Latin is a member of the Italic subfamily of the Indo-European language family that includes other Romance languages.
Italic speakers were not native to Italy. They migrated to the Italian Peninsula in the 2nd millennium BC. Before
their arrival, Italy was populated by Etruscans, a non-Indo-European-speaking people, in the north, and by Greeks in
the south. Latin developed in west-central Italy in an area along the River Tiber known as Latium which became the
birthplace of the Roman civilization.
As Rome extended its political dominion over the whole of the Italian Peninsula, Latin become dominant over the other
Italic languages, which ceased to be spoken sometime in the 1st century AD. The expansion of the Roman Empire also
spread Latin throughout the territories occupied by the Romans who spoke Vulgar Latin, a colloquial variety of the
language actually spoken by Roman citizens.
Latin Periods
Old Latin refers to the Latin language in the period
before the age of Classical Latin; that is, all Latin before 75 BC.
Latin Classical Latin is the form of the Latin
language used by the ancient Romans in what is usually regarded as "classical"
Latin literature.

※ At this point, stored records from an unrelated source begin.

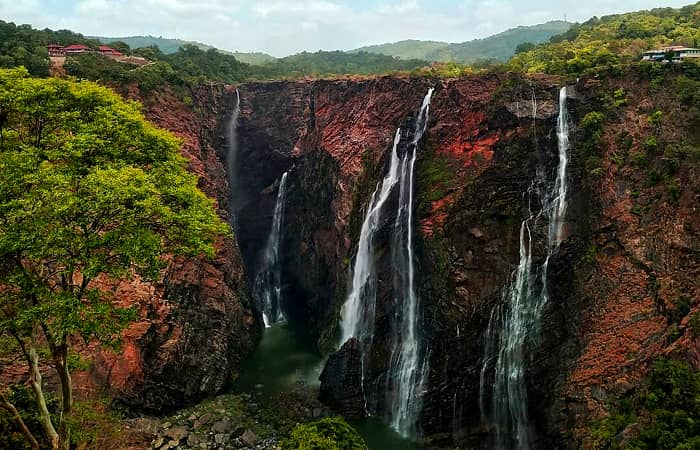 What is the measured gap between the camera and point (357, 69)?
62.2 metres

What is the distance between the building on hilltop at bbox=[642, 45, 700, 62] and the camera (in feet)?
69.3

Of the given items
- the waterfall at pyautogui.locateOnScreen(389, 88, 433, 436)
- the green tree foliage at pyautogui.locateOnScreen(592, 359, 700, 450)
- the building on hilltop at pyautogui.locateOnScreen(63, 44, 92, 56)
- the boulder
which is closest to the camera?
the green tree foliage at pyautogui.locateOnScreen(592, 359, 700, 450)

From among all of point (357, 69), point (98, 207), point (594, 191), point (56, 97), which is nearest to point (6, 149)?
point (56, 97)

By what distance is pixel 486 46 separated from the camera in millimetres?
112875

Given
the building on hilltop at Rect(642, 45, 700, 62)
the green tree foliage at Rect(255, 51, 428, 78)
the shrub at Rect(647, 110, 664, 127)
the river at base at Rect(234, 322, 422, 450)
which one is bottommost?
the river at base at Rect(234, 322, 422, 450)

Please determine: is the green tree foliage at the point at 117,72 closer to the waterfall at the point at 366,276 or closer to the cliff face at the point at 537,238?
the cliff face at the point at 537,238

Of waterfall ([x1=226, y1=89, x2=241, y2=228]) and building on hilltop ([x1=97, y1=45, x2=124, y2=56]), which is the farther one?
waterfall ([x1=226, y1=89, x2=241, y2=228])

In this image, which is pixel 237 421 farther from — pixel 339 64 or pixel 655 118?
pixel 339 64

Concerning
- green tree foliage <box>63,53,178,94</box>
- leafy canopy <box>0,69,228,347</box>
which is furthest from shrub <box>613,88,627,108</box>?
green tree foliage <box>63,53,178,94</box>

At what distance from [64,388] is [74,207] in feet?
13.7

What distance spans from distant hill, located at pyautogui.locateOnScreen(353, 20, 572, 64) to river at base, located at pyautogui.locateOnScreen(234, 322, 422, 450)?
274 ft

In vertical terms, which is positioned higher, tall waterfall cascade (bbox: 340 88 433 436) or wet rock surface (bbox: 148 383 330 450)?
Result: tall waterfall cascade (bbox: 340 88 433 436)

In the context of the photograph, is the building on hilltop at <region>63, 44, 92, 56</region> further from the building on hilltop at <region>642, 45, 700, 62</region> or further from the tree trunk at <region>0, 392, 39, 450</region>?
the building on hilltop at <region>642, 45, 700, 62</region>

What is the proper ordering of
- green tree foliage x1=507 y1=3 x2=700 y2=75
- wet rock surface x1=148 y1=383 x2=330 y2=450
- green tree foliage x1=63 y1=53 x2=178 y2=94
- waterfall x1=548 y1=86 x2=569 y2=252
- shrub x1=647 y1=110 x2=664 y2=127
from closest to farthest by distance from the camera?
wet rock surface x1=148 y1=383 x2=330 y2=450
shrub x1=647 y1=110 x2=664 y2=127
waterfall x1=548 y1=86 x2=569 y2=252
green tree foliage x1=507 y1=3 x2=700 y2=75
green tree foliage x1=63 y1=53 x2=178 y2=94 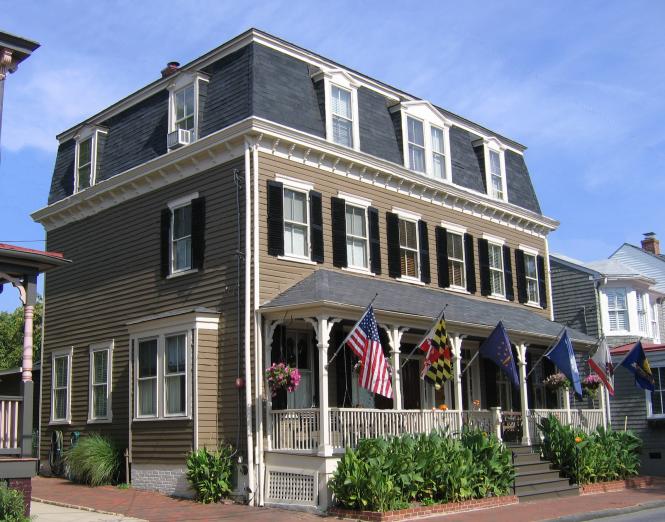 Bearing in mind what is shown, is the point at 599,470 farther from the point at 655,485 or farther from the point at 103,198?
the point at 103,198

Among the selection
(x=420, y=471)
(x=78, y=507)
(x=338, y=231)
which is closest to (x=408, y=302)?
(x=338, y=231)

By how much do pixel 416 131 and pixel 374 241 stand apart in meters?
4.07

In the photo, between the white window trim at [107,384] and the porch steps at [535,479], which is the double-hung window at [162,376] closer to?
the white window trim at [107,384]

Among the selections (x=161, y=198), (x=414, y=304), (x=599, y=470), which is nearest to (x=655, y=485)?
(x=599, y=470)

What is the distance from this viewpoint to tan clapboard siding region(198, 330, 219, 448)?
17.6 meters

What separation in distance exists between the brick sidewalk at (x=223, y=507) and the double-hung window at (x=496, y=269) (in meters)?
7.30

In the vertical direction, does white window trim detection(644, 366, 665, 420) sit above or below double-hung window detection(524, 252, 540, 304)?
below

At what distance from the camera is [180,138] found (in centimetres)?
1980

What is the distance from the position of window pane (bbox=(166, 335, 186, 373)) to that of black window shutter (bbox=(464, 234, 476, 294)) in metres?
9.16

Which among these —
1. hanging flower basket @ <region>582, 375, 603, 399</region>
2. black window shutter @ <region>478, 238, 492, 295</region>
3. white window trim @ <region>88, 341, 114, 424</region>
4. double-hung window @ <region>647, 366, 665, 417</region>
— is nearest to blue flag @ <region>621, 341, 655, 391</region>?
hanging flower basket @ <region>582, 375, 603, 399</region>

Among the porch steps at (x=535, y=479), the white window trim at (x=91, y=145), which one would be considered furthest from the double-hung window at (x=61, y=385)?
the porch steps at (x=535, y=479)

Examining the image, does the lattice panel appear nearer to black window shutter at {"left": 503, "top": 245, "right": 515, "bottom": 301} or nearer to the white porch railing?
the white porch railing

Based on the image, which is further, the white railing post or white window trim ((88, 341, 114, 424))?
white window trim ((88, 341, 114, 424))

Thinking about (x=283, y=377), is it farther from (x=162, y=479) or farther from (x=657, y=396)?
(x=657, y=396) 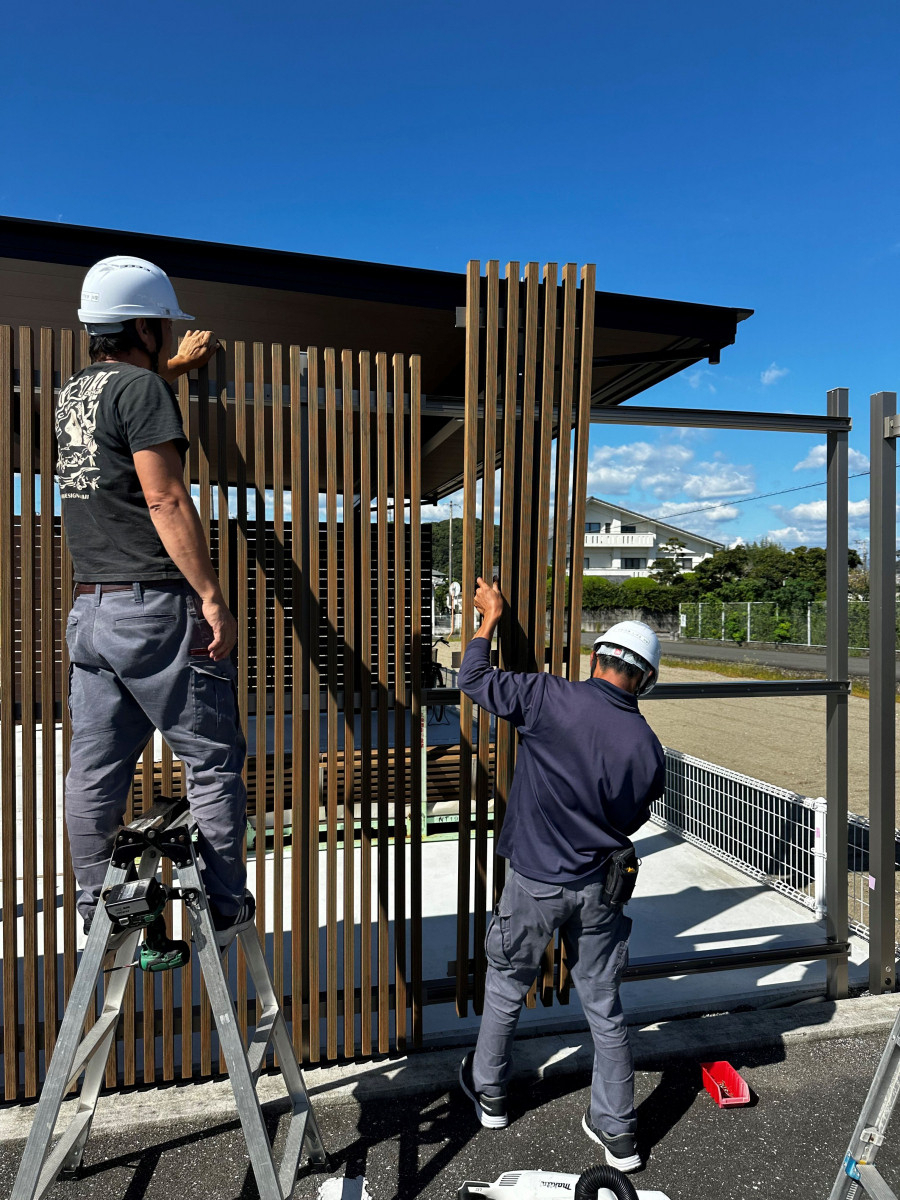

Its use spanned 75 BC – 200.
Vulgar Latin The spoken Latin of the common people of
the Roman Empire, especially from the 2nd century onward, is generally
called Vulgar Latin. It differed from Classical Latin in its vocabulary and
grammar, and as time passed, it came to differ in pronunciation as well.
Vulgar Latin, Eastern
The Latin Verb
Verbs are one of the trickiest areas of Latin; each verb has numerous conjugated forms. Verbs have three moods
(indicative, imperative, and subjunctive), two voices (active and passive), two numbers (singular and plural), three
persons (first, second and third), and various other forms. Verbs are conjugated in six main tenses (present,
imperfect, future, perfect, pluperfect, and future perfect), and have complements of moods for the present, imperfect,
perfect, and pluperfect. Infinitives and participles occur in the present, perfect, and future tenses.
Conjugation is the process of inflecting verbs; a set of conjugated forms for a single word is called a conjugation.
Latin verbs are divided into four different conjugations by their infinitives, distinguished by the endings -āre,
-ēre, -ere, and -īre.
Latin verbs
Sample Latin verbs:
sum 'to be'
volo 'to want'
amo 'to love'
Defective verbs
Defective verbs are those verbs that lack inflected forms.